NTTDではアストンマーチンDB5で海沿いの山道を走るボンドとマドレーヌのシーンでボンドがこのセリフを口にする。またBGMでインストVer.が流れる。
また”女王陛下の007”のラストの道に似た道の風景で、ひょっとしたらトレイシーが殺されなかったらこんな風にハネムーンに出掛けたのでないかと考えてしまう。
また、”ゴールデンアイ”でのDB5とフェラーリのカーチェイスシーンの風景にもよく似ている。
○イタリアのマテーレを訪れたボンドは”カジノロワイヤル”で亡くしたヴェスパーの墓を訪れる。

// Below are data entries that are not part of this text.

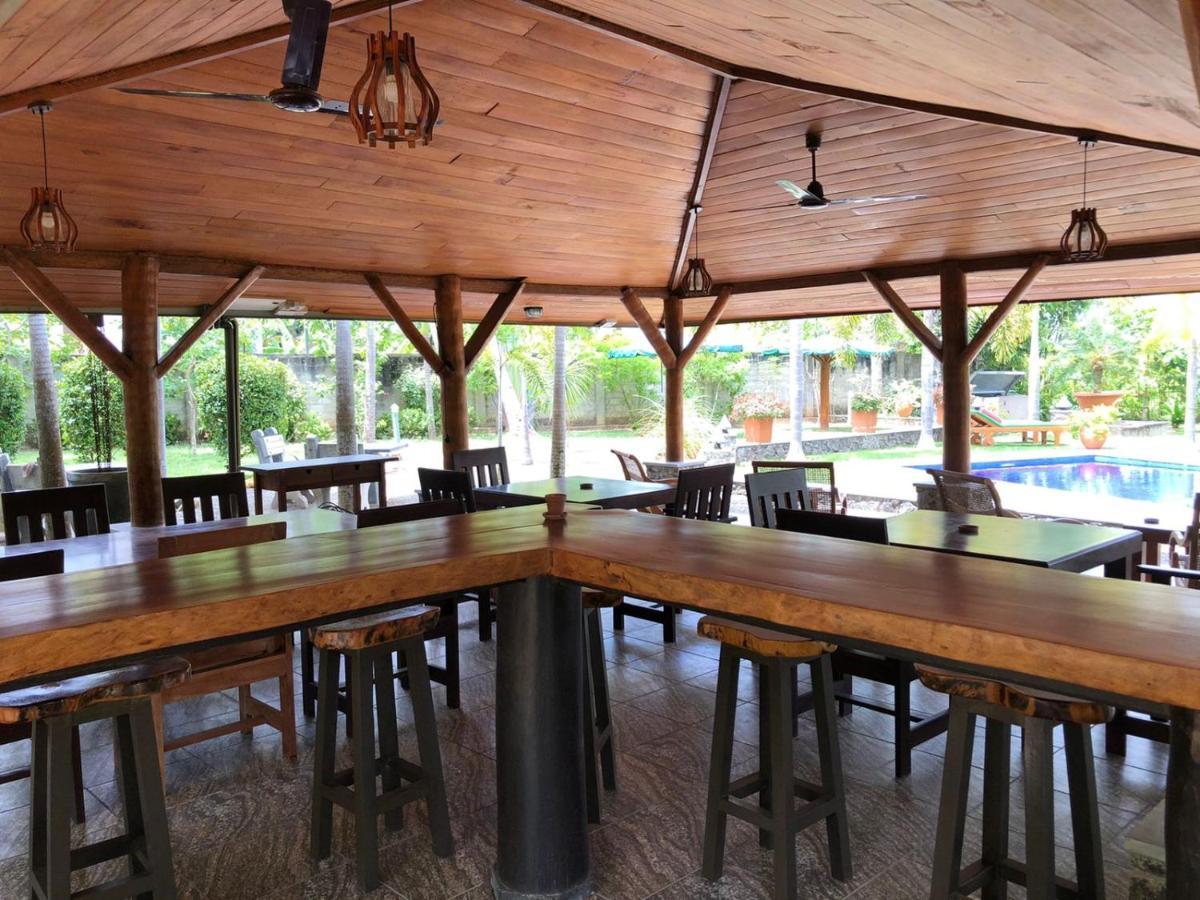 Avalon Village Resort Induruwa Buitenkant foto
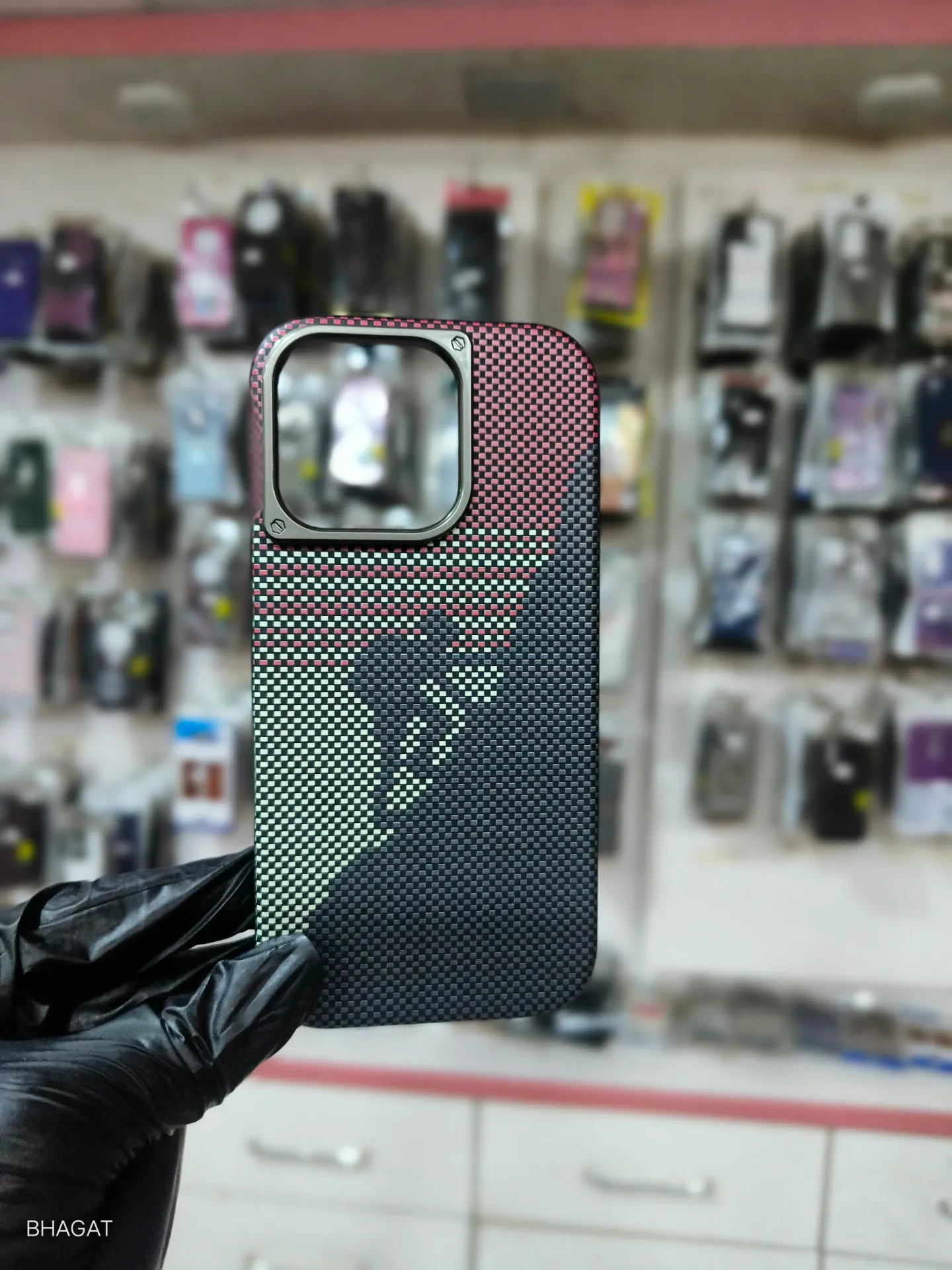 Carbon fibre texture case metal camera Protection -  iphone 16 pro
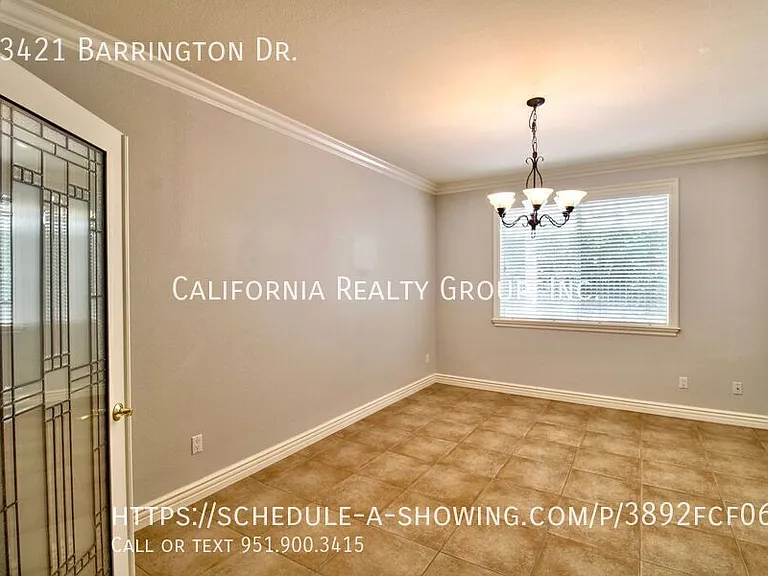 33421 Barrington Dr — Photo 12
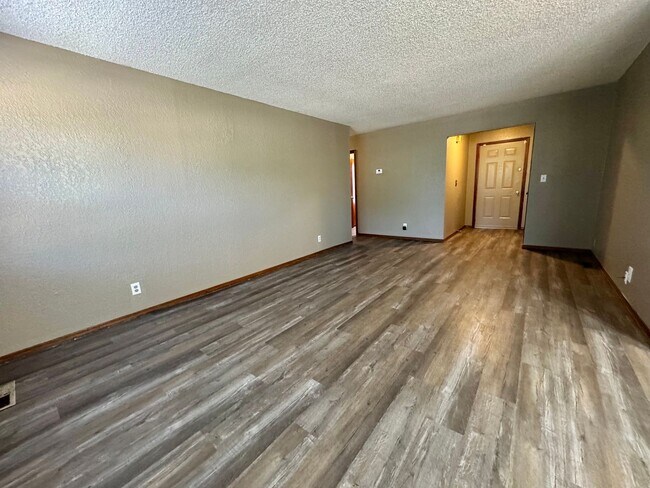Foto del edificio - 1403 S 121st E Ave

”ユア・アイズ・オンリー”でも冒頭でボンドはトレイシーの墓を訪れている。その直後に敵の襲撃に合うのも同じ。また墓の案内人が情報を漏らしていたのも同様。
○ボンドを襲撃した男の一人は片目が義眼だった。
片目の男と言えば”サンダーボール作戦”のラルゴを連想。共に左目が無い。
○このアストンマーチンDB5は”スカイフォール”で登場して破壊された後、”スペクター”で修理されたもの。
特殊装備は大幅に変更されていて、ウインカー下のマシンガンはヘッドライトのガトリングガンに。
またマキビシ(というか小型爆弾)は当初”ゴールドフィンガー”でも装備されている予定だったがカットされた。”トゥモロー・ネバー・ダイ”のBMWにもマキビシがリヤバンパー下に装備されている。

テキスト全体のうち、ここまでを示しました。